[Data records — start]

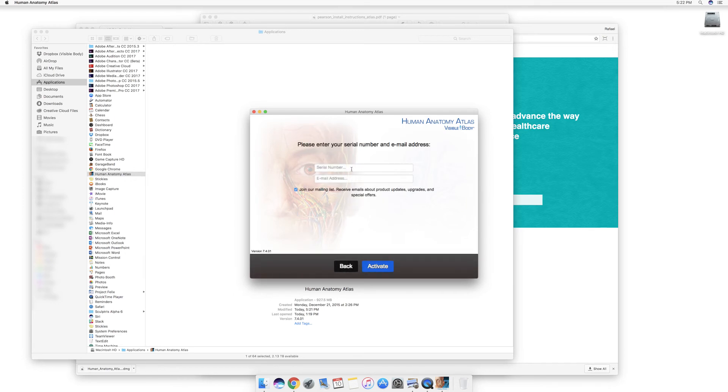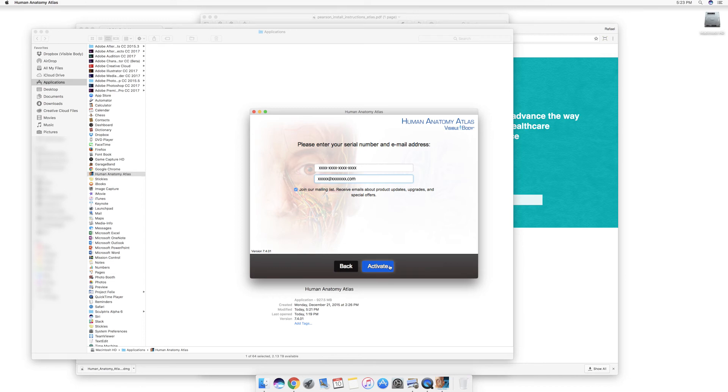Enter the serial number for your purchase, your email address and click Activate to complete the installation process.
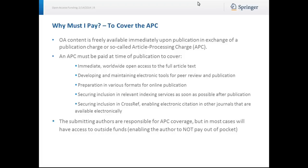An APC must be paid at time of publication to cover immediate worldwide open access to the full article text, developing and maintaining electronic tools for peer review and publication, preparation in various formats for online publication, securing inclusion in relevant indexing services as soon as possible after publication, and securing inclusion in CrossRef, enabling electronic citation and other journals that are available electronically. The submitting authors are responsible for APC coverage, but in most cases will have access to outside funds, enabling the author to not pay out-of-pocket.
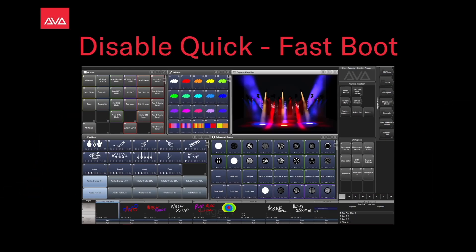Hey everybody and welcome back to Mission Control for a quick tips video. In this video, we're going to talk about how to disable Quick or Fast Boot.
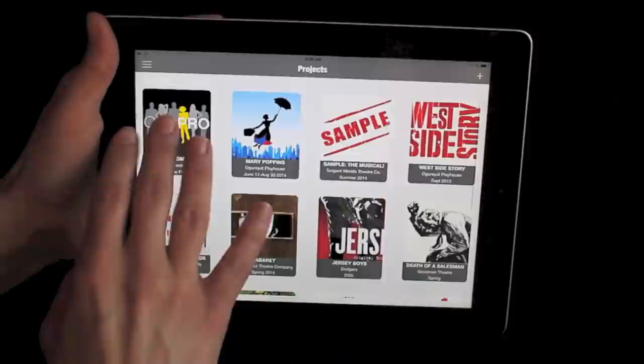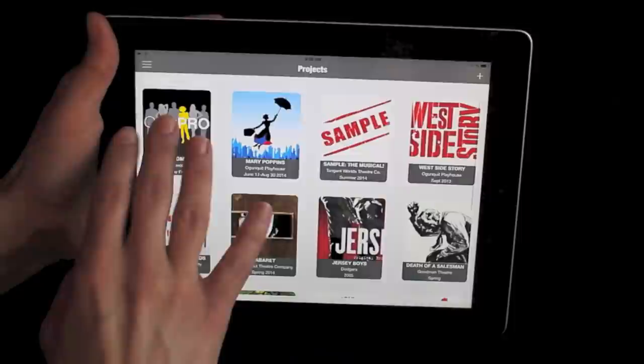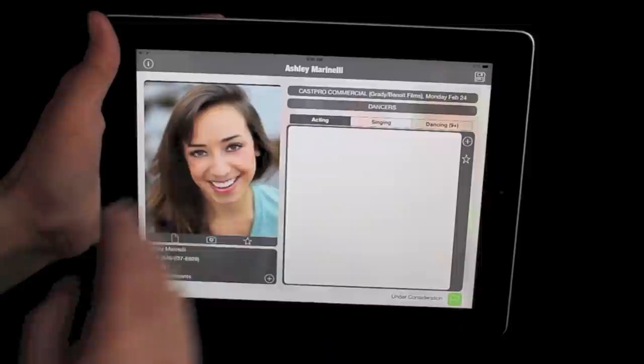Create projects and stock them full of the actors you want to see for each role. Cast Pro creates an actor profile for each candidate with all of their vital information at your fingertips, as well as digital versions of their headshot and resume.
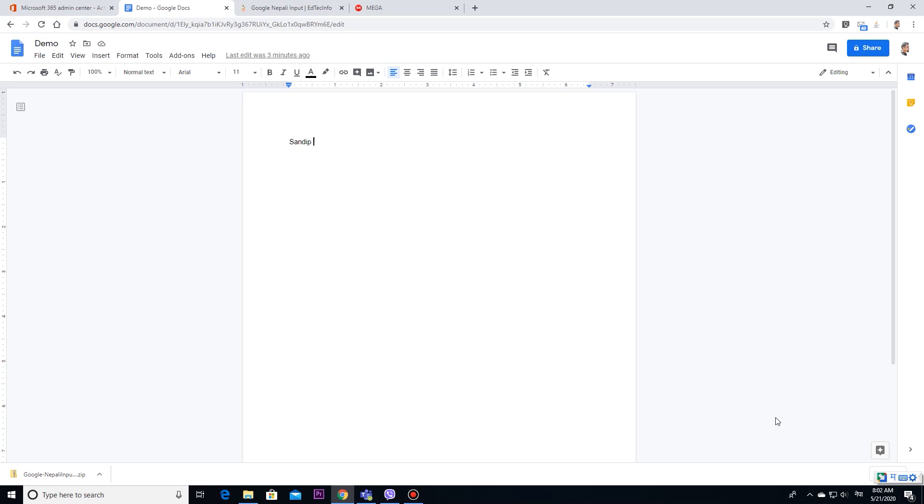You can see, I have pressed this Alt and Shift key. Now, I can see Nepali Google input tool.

[Data records — finish]

Work item: All of the listing above must be output exactly, except for its pictures.

Result of the exercise:
Enter the serial number for your purchase, your email address and click Activate to complete the installation process.
An APC must be paid at time of publication to cover immediate worldwide open access to the full article text, developing and maintaining electronic tools for peer review and publication, preparation in various formats for online publication, securing inclusion in relevant indexing services as soon as possible after publication, and securing inclusion in CrossRef, enabling electronic citation and other journals that are available electronically. The submitting authors are responsible for APC coverage, but in most cases will have access to outside funds, enabling the author to not pay out-of-pocket.
Hey everybody and welcome back to Mission Control for a quick tips video. In this video, we're going to talk about how to disable Quick or Fast Boot.
Create projects and stock them full of the actors you want to see for each role. Cast Pro creates an actor profile for each candidate with all of their vital information at your fingertips, as well as digital versions of their headshot and resume.
You can see, I have pressed this Alt and Shift key. Now, I can see Nepali Google input tool.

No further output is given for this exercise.